### What the task asks
Your answer must restate each entry below word for word, with no pictures in it.

### Data supplied
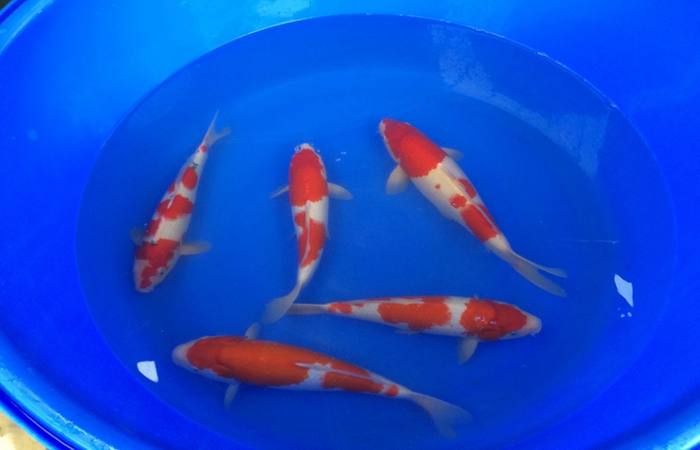 桃太郎錦鯉C2池25-30cm 桃太郎錦鯉C2池25-30cm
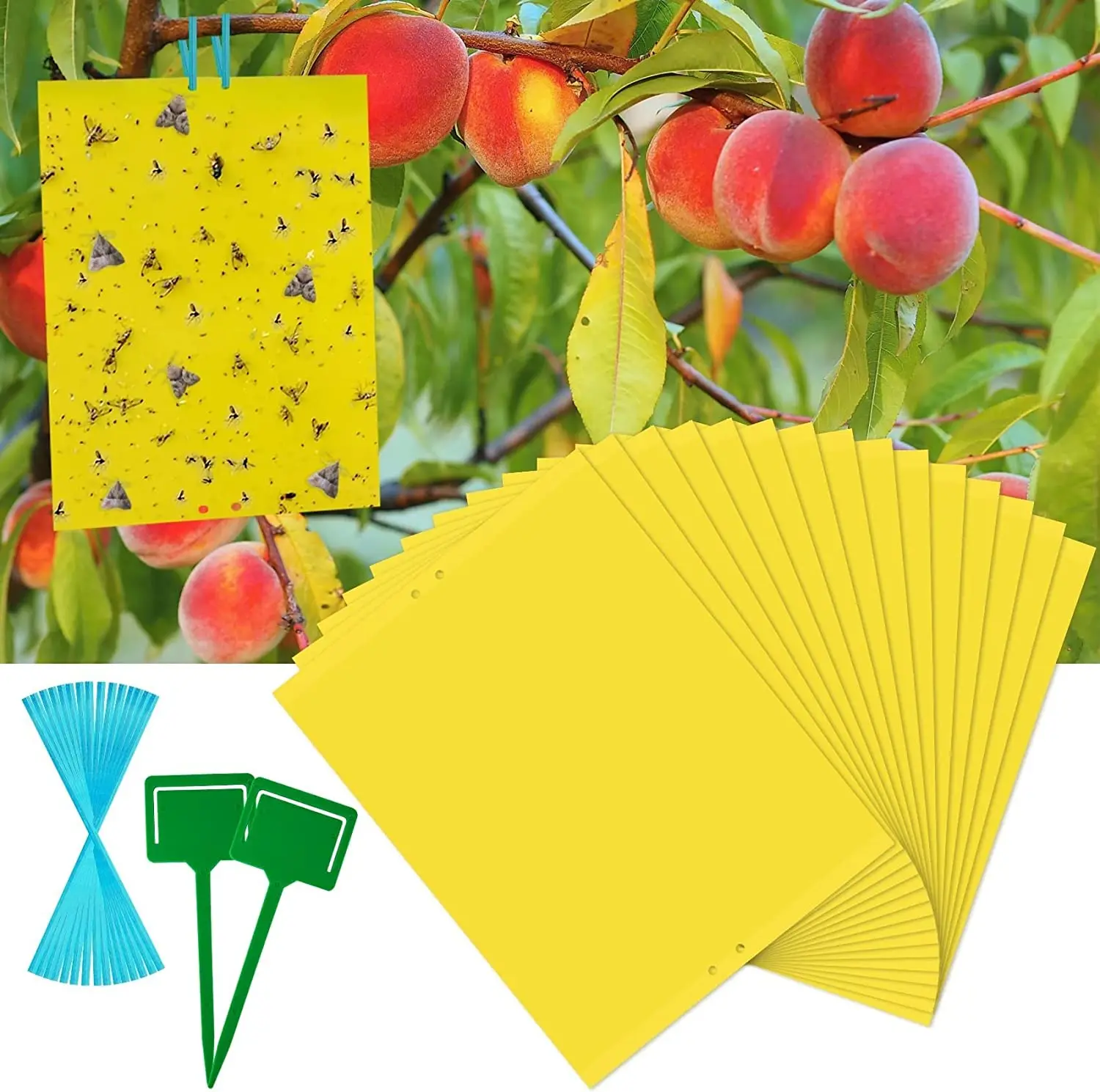 Dual-Sided Yellow Sticky Gnats Glue Paper Board Flying Insect Traps for Whiteflies Aphids Outdoor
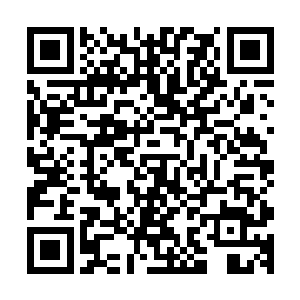 正见孙策率领着数万杀气腾腾的霸王军来到了襄阳城数百丈外二维码生成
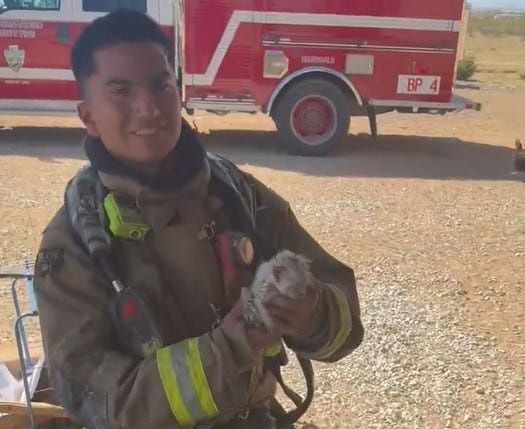 A cat died and a kitten was rescued following a mobile home fire near Markham Road and Mobray Road in Oro Grande on Wednesday, March 25, 2026.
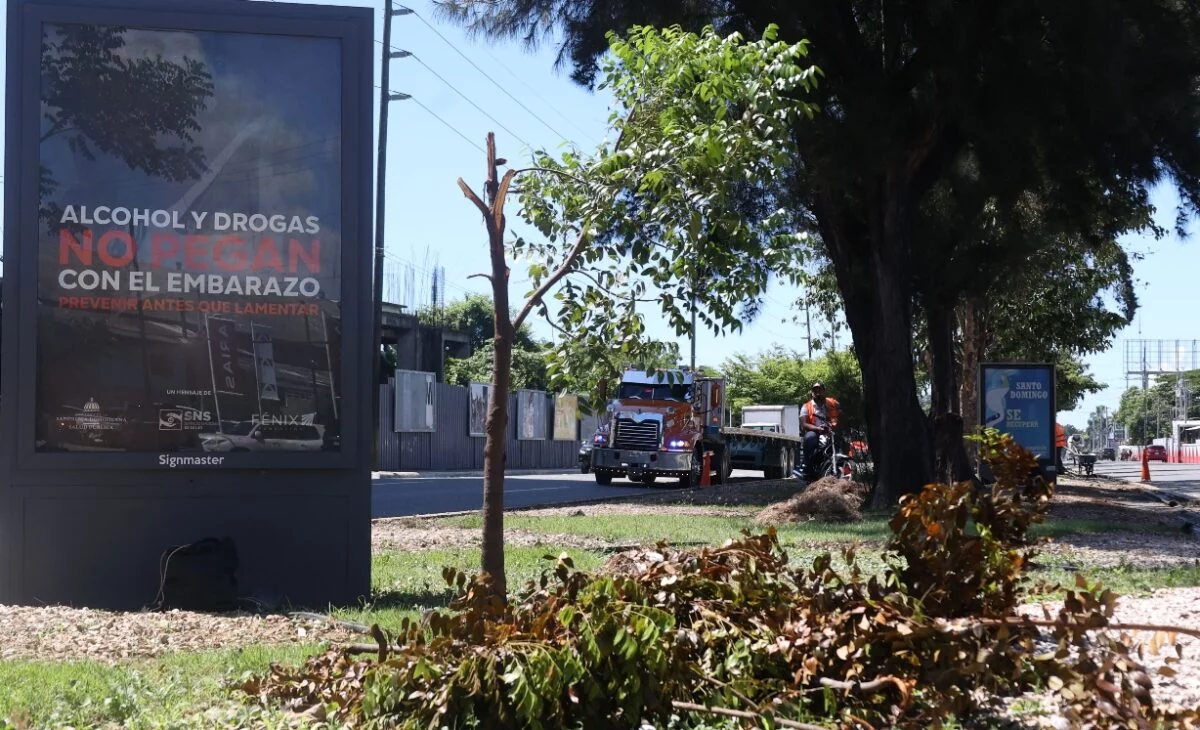 Parte de los árboles agredidos para lograr más vistosidad en la  publicidad.  Elieser Tapia.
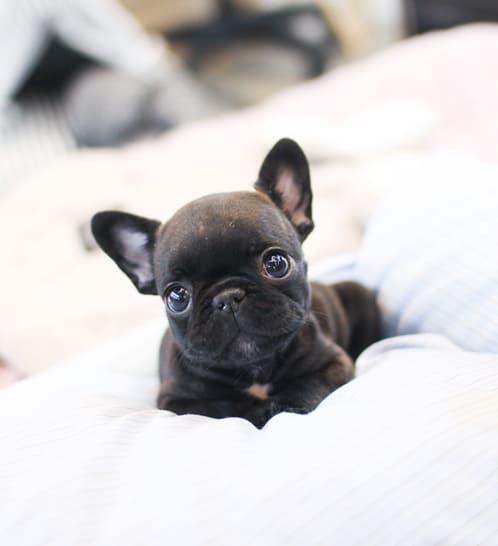 프렌치불독 분양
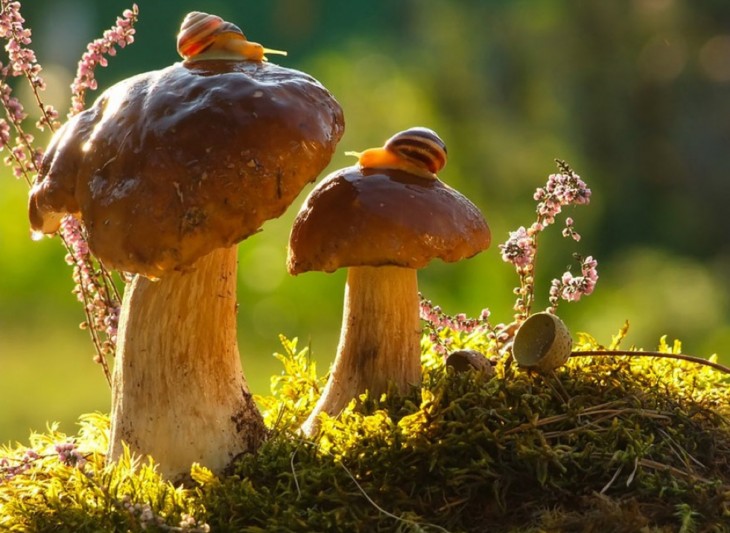 CARACOLES EN LOS HONGOS DE UN BOSQUE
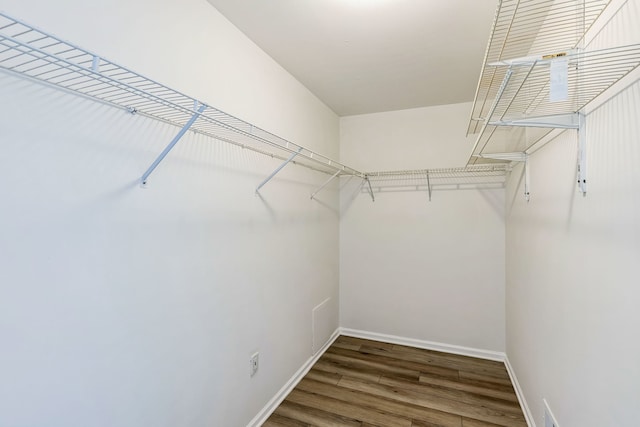 spacious closet featuring hardwood / wood-style floors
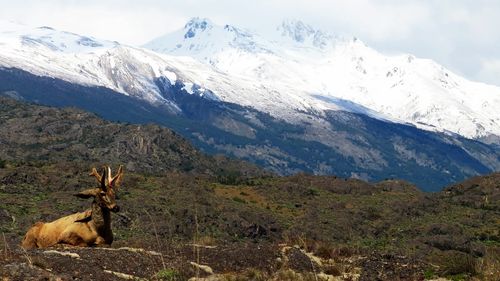 Retragerea gheţarilor andini este un fenomen fără precedent în istoria civilizaţiei umane (studiu)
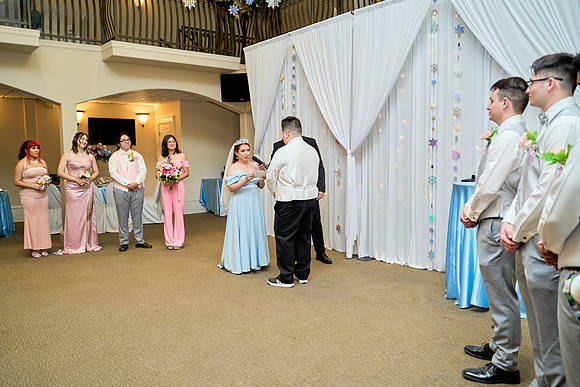 1A7305393 full size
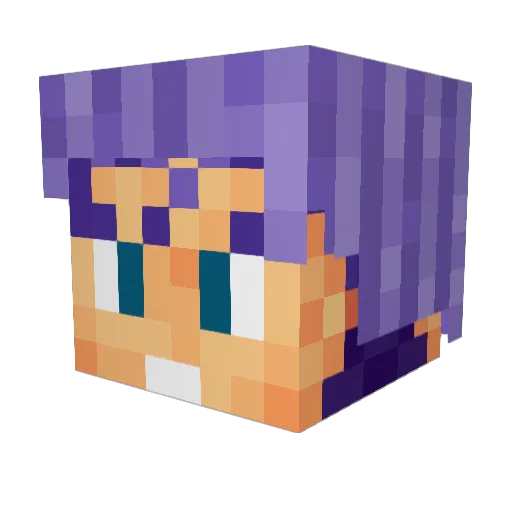 Tullyeo Minecraft avatar head, 3D render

### Response
 桃太郎錦鯉C2池25-30cm 桃太郎錦鯉C2池25-30cm
 Dual-Sided Yellow Sticky Gnats Glue Paper Board Flying Insect Traps for Whiteflies Aphids Outdoor
 正见孙策率领着数万杀气腾腾的霸王军来到了襄阳城数百丈外二维码生成
 A cat died and a kitten was rescued following a mobile home fire near Markham Road and Mobray Road in Oro Grande on Wednesday, March 25, 2026.
 Parte de los árboles agredidos para lograr más vistosidad en la  publicidad.  Elieser Tapia.
 프렌치불독 분양
 CARACOLES EN LOS HONGOS DE UN BOSQUE
 spacious closet featuring hardwood / wood-style floors
 Retragerea gheţarilor andini este un fenomen fără precedent în istoria civilizaţiei umane (studiu)
 1A7305393 full size
 Tullyeo Minecraft avatar head, 3D render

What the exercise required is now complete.